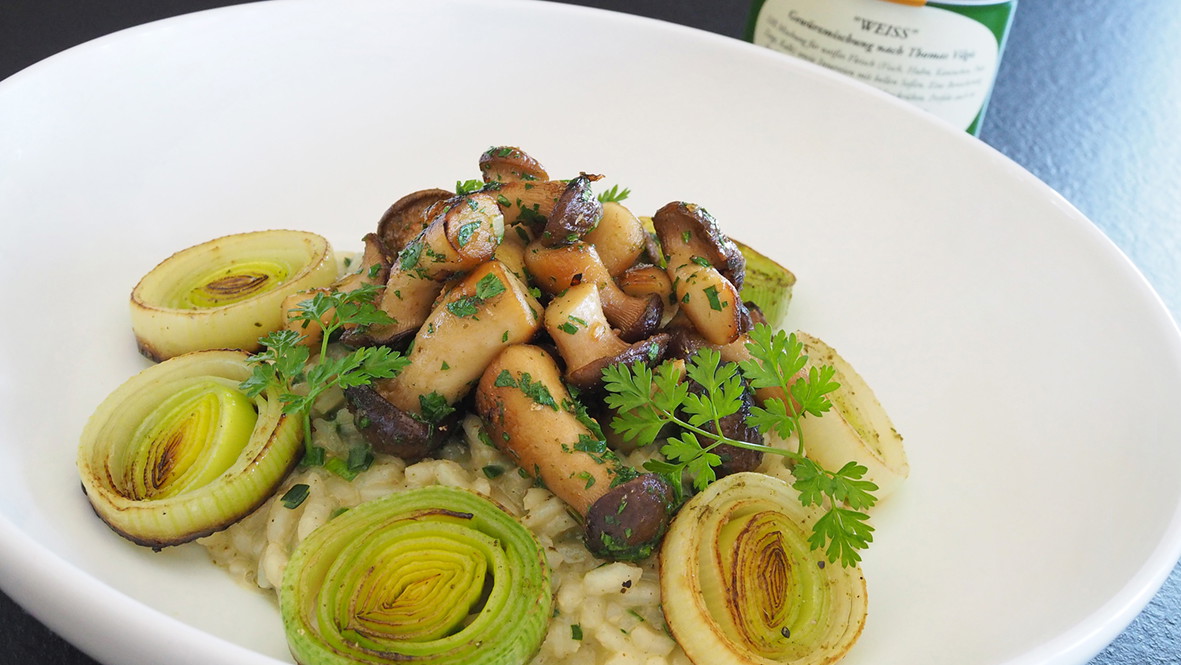 Image of Risotto mit Vilgis Weiss, Lauch und Kräutersaitlingen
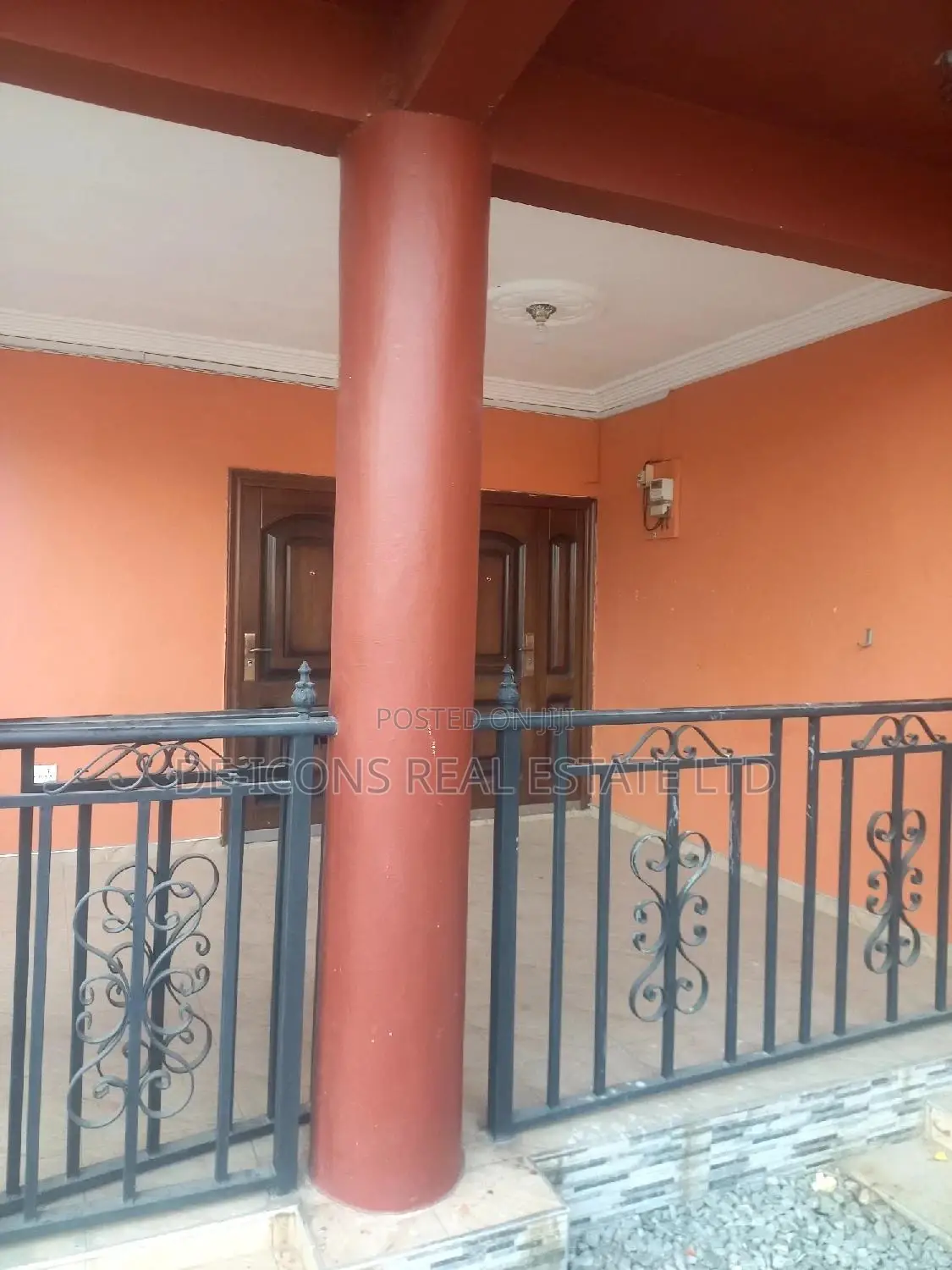 3bdrm Duplex in De-Icons Real Estate, Awutu Senya East Municipal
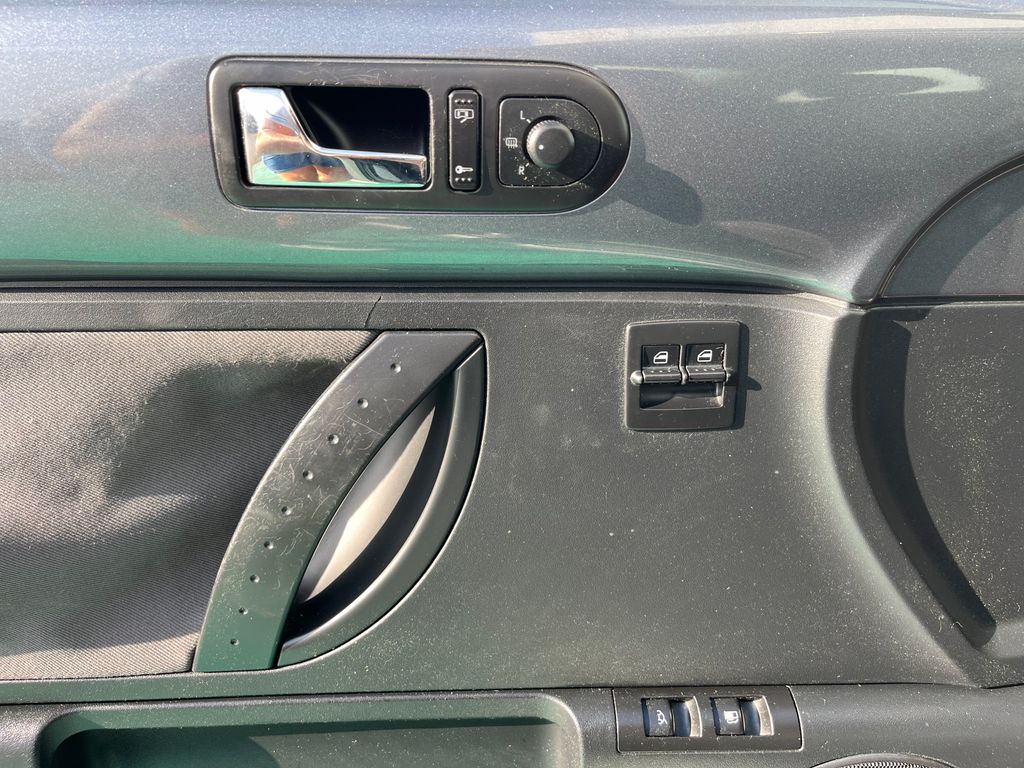 Volkswagen New Beetle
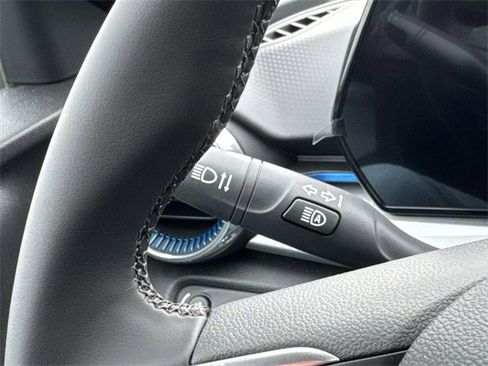 New 2025 Chevrolet Trax LT w/ Driver Confidence Package image 28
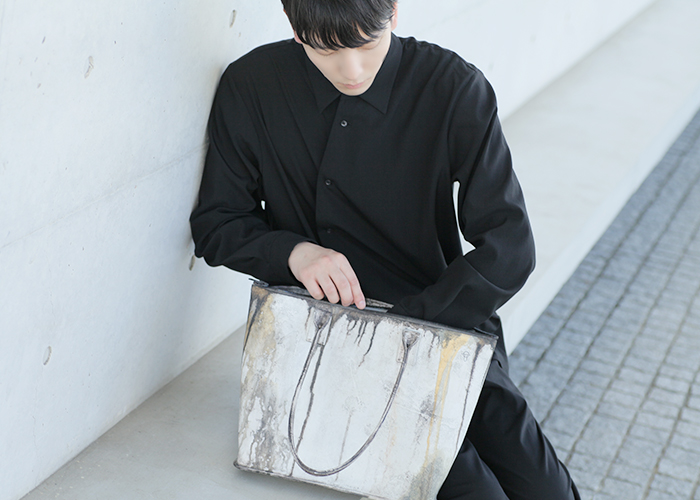 KAGARI YUSUKE 最新作のバッグ、財布を購入できる公式「カガリユウスケ ...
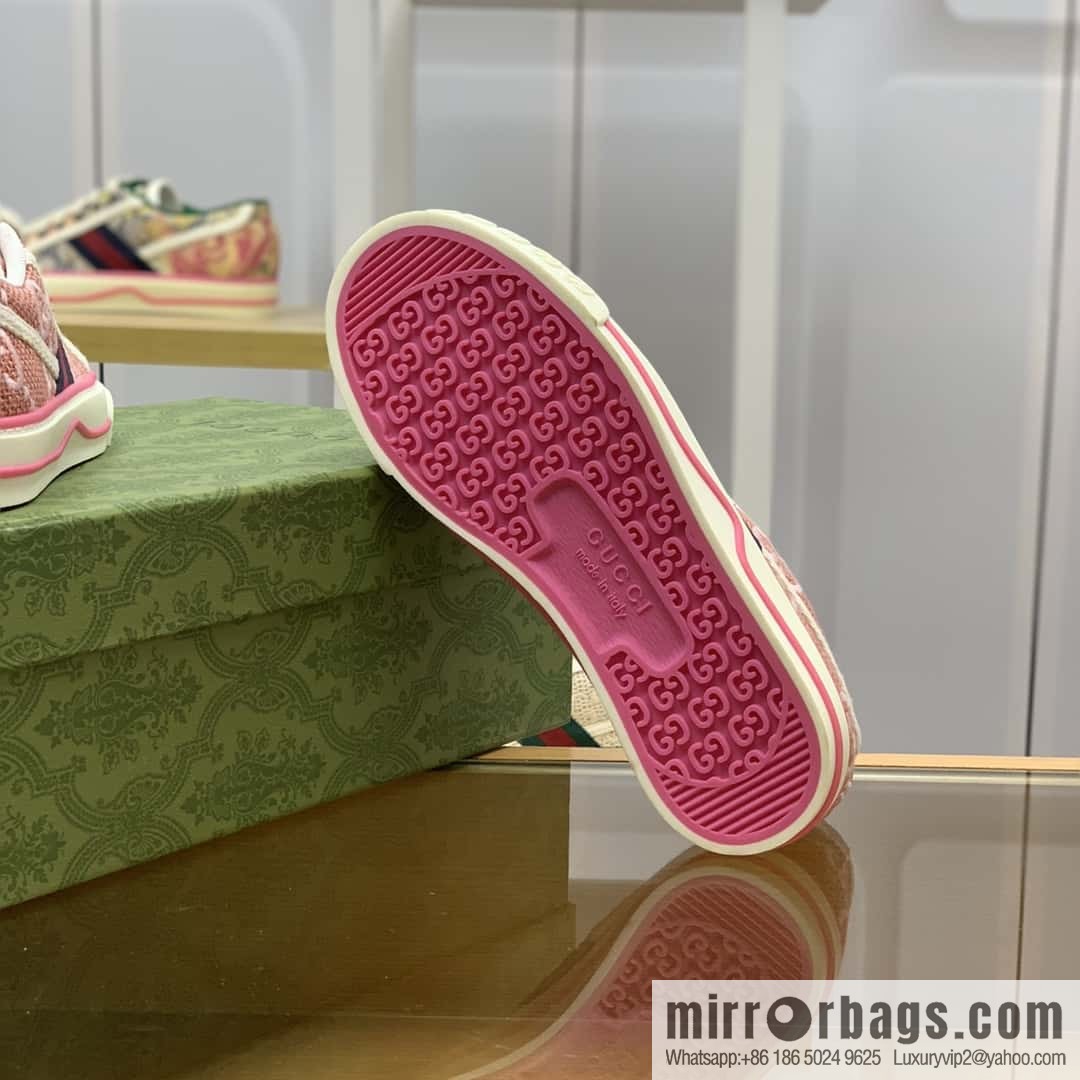 Gucci Gucci uses light pink and white double G embroidery cotton crocheted fabric [G home 1977 women's canvas shoes]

▬▬▬▬▬▬

Assignment> Omitting all pictures, restate word for word the lines from the one containing "KAGARI YUSUKE 最新作のバッグ、財布を購入できる公式「カガリユウスケ ..." through the last line of the data.

Response box>
 KAGARI YUSUKE 最新作のバッグ、財布を購入できる公式「カガリユウスケ ...
 Gucci Gucci uses light pink and white double G embroidery cotton crocheted fabric [G home 1977 women's canvas shoes]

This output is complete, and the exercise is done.